This chapter is from the "Kittens: A Family Chronicle" book, by Svend Fleuron.
Several weeks pass happily. . . . The corn round the burial-mound ripens, and all sorts of grasses compete to lengthen its luxuriant green covering. The stones on the top become more and more hidden from the field path below.
The lark comes and trills at sunrise and midday; and in the evening the whinchat twitters its mournful song. The little, low grass mound has not yet betrayed its secret. . . .
The kittens in its bowels are now about twice the size of moles; their bodies have become a trifle longer and more elastic, and on their short, plump hind-quarters the worm-like appendages of childhood are beginning to thicken into soft, furry tails. Their eyes shine like stars, and on each of the small, bullet-shaped heads a little wrinkled snout forms a centre for a bunch of stiff, shiny whiskers. It is about time, the old cat thinks, that they begin to take solid food.
At first she brings them eggs and unfledged birds, which their baby jaws soon learn to masticate. Later on their diet becomes coarser and more varied.
Early one morning she appears with a small, greyish-brown creature in her jaws, its white stomach shining like a puddle of water reflecting the sun. Its short, little forepaws with the pink claws hang limp in surrender, and its long hind legs stick out stiffly like stilts. A thin, hairless tail dangling like a broken straw completes the picture.
The kittens at once respond to their mother's food-signal, and, falling over one another in their eagerness, rush headlong to the entrance.

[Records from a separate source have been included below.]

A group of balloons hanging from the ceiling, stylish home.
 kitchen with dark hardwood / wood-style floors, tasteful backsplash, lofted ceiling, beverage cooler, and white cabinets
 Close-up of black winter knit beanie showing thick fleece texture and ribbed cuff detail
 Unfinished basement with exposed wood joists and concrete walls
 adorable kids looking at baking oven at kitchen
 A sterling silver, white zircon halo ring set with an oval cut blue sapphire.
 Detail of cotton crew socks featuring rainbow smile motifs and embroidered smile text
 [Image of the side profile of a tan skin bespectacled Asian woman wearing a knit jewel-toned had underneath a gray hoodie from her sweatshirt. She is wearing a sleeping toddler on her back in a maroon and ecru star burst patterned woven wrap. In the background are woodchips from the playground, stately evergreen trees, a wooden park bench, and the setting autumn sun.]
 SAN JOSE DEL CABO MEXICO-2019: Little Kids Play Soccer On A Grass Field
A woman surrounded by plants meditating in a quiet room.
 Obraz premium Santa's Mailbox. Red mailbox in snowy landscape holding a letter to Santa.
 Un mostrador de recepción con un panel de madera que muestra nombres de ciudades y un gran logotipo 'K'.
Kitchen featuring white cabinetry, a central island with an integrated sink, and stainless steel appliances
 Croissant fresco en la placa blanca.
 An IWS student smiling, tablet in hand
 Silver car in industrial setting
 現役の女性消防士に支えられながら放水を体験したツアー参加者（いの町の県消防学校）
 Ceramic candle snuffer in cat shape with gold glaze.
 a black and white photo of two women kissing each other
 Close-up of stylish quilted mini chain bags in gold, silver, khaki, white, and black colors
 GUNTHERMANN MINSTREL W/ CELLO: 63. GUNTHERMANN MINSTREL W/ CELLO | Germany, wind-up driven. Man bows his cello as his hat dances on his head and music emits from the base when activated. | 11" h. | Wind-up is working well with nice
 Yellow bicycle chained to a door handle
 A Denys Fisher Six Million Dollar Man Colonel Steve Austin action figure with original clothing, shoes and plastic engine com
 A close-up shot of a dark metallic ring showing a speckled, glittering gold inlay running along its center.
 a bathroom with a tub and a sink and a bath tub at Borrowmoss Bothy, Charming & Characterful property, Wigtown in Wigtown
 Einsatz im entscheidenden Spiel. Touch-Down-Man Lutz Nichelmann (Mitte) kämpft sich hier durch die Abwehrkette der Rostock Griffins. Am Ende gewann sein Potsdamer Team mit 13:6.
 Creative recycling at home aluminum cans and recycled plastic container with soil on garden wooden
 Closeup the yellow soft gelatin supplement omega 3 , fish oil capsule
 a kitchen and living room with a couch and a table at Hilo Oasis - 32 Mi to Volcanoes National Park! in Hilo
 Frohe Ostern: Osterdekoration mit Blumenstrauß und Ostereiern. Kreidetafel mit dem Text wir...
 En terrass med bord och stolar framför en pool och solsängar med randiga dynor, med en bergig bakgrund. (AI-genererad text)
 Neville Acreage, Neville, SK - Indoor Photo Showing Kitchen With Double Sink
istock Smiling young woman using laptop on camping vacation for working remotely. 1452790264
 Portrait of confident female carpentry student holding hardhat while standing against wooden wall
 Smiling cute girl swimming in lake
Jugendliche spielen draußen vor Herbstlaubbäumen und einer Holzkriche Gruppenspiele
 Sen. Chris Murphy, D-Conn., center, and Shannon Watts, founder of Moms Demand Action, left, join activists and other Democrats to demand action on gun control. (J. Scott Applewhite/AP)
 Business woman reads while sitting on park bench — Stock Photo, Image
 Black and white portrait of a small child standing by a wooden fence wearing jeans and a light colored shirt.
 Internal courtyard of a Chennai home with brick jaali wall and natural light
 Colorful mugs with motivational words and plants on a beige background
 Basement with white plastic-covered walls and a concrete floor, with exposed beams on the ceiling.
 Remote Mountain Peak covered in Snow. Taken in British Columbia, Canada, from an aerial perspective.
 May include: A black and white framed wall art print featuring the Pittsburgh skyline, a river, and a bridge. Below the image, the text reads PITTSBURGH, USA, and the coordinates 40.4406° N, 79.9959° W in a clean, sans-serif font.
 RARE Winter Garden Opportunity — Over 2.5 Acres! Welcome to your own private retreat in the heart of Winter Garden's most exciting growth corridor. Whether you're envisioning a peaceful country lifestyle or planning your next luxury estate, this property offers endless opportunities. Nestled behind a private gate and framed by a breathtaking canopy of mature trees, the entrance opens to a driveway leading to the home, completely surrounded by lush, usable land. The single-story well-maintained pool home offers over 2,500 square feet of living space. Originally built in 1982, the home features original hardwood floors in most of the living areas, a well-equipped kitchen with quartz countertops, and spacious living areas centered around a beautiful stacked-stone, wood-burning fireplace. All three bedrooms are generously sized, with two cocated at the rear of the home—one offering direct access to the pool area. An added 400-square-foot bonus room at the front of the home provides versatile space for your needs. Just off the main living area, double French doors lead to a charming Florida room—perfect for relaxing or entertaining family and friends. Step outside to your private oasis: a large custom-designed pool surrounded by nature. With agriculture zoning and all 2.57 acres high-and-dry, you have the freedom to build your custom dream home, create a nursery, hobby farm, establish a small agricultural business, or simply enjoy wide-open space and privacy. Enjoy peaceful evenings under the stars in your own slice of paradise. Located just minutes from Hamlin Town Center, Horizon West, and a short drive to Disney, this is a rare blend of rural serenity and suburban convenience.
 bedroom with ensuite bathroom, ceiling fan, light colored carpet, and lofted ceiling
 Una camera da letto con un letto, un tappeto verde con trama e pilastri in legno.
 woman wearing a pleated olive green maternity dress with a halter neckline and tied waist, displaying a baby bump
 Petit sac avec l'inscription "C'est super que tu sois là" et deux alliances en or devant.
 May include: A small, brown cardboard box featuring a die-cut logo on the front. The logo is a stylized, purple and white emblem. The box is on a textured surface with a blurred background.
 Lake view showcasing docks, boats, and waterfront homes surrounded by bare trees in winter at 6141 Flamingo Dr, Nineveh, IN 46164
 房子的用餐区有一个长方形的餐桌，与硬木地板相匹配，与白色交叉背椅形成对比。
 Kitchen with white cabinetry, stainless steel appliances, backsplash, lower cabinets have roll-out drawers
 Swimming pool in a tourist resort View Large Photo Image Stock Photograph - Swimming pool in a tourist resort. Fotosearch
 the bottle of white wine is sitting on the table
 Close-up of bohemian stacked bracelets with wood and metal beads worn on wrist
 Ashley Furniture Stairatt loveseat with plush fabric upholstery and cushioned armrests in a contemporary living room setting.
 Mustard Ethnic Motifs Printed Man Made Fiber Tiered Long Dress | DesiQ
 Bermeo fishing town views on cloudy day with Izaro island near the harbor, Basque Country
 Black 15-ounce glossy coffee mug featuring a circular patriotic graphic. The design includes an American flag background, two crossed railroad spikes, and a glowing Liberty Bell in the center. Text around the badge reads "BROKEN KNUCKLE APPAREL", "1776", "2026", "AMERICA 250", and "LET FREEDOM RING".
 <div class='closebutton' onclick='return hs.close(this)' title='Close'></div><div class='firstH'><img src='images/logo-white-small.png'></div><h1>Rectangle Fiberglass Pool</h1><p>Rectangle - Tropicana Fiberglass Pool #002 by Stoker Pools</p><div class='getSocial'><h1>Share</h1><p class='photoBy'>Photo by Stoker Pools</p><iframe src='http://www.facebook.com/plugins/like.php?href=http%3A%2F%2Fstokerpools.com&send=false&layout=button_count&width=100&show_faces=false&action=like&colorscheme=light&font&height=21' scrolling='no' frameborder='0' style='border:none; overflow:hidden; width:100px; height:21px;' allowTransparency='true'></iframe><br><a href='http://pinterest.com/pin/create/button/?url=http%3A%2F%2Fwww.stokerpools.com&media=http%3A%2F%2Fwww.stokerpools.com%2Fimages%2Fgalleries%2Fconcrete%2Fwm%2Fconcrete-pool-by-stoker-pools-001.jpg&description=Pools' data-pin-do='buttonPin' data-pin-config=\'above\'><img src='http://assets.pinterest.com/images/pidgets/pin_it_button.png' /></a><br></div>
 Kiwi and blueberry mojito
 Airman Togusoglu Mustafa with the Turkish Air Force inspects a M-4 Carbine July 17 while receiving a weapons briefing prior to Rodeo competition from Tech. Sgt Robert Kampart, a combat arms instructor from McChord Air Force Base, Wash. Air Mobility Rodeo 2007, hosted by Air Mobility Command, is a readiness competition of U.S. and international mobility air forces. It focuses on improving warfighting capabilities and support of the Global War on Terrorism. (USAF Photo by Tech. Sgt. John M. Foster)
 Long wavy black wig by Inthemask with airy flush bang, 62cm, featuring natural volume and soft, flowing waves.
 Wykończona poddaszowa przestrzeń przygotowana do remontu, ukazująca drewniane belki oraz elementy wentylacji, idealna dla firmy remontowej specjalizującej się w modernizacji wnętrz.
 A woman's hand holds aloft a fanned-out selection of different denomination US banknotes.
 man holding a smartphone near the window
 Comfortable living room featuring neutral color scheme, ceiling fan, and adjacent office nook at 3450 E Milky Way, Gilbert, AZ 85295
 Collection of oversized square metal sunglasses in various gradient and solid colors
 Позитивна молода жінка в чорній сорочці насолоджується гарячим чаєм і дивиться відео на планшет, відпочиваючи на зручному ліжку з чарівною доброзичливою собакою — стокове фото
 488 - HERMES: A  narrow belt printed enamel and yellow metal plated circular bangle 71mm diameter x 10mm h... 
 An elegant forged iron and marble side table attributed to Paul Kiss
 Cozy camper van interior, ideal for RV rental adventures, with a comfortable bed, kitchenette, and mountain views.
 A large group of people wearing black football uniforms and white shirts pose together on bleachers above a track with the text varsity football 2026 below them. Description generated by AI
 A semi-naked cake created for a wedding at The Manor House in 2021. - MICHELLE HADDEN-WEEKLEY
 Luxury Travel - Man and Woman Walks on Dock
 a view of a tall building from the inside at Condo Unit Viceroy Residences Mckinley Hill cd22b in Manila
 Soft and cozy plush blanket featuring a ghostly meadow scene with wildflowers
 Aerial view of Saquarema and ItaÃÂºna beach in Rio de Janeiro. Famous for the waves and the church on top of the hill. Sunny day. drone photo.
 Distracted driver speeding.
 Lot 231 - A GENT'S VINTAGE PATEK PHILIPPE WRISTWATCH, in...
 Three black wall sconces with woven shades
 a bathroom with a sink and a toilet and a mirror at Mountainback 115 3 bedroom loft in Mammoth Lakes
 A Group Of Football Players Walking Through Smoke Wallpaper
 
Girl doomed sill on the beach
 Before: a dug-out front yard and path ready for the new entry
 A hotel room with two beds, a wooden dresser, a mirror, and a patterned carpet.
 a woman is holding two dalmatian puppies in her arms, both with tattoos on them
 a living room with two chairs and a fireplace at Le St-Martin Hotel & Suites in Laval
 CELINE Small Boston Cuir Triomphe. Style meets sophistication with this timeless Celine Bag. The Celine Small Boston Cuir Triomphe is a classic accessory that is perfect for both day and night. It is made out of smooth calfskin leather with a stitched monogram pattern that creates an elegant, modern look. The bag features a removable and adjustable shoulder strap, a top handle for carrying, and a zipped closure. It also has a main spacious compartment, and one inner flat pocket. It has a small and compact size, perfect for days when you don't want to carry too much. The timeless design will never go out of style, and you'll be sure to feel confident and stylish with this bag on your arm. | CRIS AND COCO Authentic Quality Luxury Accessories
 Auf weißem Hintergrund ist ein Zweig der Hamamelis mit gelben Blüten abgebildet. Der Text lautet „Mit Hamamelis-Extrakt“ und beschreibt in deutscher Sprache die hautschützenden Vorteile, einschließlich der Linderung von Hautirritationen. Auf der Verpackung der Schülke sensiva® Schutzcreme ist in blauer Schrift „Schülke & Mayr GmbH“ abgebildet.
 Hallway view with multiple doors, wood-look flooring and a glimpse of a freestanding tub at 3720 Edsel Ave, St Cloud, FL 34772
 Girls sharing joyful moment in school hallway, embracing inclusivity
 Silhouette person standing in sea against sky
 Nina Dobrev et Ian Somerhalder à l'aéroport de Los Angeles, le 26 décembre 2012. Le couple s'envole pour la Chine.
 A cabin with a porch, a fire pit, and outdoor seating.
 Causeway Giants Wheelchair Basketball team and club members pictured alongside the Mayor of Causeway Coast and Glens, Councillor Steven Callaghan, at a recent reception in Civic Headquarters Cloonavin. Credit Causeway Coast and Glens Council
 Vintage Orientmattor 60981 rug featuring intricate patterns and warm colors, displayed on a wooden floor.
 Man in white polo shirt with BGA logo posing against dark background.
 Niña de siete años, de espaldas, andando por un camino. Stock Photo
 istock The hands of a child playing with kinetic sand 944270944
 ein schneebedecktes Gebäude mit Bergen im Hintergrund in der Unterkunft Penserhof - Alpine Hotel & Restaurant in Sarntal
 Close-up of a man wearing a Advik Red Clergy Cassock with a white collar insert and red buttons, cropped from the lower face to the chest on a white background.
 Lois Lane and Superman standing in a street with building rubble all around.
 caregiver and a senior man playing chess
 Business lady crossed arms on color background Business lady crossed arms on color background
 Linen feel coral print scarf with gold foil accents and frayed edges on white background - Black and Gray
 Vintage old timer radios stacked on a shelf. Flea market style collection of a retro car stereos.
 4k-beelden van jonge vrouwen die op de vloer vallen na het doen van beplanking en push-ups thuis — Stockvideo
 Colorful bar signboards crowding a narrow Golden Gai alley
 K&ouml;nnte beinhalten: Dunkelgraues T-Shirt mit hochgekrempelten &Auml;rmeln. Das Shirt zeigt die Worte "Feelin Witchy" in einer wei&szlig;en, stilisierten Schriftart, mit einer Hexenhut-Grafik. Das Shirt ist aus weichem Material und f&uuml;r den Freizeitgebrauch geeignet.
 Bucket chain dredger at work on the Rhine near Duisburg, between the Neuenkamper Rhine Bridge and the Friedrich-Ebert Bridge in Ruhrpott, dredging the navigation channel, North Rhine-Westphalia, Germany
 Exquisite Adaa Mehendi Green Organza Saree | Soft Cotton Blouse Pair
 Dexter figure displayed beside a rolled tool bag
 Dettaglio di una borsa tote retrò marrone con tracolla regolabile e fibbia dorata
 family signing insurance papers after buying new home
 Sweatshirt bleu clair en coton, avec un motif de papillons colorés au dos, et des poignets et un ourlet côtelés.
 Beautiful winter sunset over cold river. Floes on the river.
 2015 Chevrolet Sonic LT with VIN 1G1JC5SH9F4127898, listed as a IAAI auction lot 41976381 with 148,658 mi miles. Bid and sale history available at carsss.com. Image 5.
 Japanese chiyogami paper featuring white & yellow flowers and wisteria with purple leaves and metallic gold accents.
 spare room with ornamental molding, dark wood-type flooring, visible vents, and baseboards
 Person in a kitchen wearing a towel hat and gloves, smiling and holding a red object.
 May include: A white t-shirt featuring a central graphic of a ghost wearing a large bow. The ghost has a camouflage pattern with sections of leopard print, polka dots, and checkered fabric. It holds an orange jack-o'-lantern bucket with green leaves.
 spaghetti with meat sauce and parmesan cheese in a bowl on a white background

With their small behinds stiffly elevated, they rub themselves affectionately against the old cat's legs and body; she positively disappears in a forest of tails. Purring loudly, her head erect, she remains standing before them, turning and twisting the interesting creature to give them a full view of the spoil.
At last, after what seems an endless wait, each receives his mouthful.
Big crouches on his haunches and plays delightedly with the mouse's tail, which he holds in his paws. When, at a smack from him, it gives a jump, his eyes glow and he hops round his new toy on his hind legs. Suddenly he runs away to a corner and begins digging a hole—Grey Puss sees that he has his father's appetite!
The first few times she herself kills the mouse with a bite, but later on the young ones are permitted to share in the fun. Soon also she allows them to play a little with the unfortunates, so that they may learn the first principles in the art of trapping. To encourage them still further to forage for themselves, she buries her victims round about the base of the burial-mound.
The struggle for food has left its mark upon the little mother-cat. She has become noticeably thinner, and her coat no longer has its glossy sheen. The crowd of rapidly growing children, who make constantly increasing demands on her skill, is telling on her strength. It is almost impossible for her to secure all the mice necessary for them—and therefore, in her dilemma, she sometimes leaves the straight path of virtue and does what second nature urges her.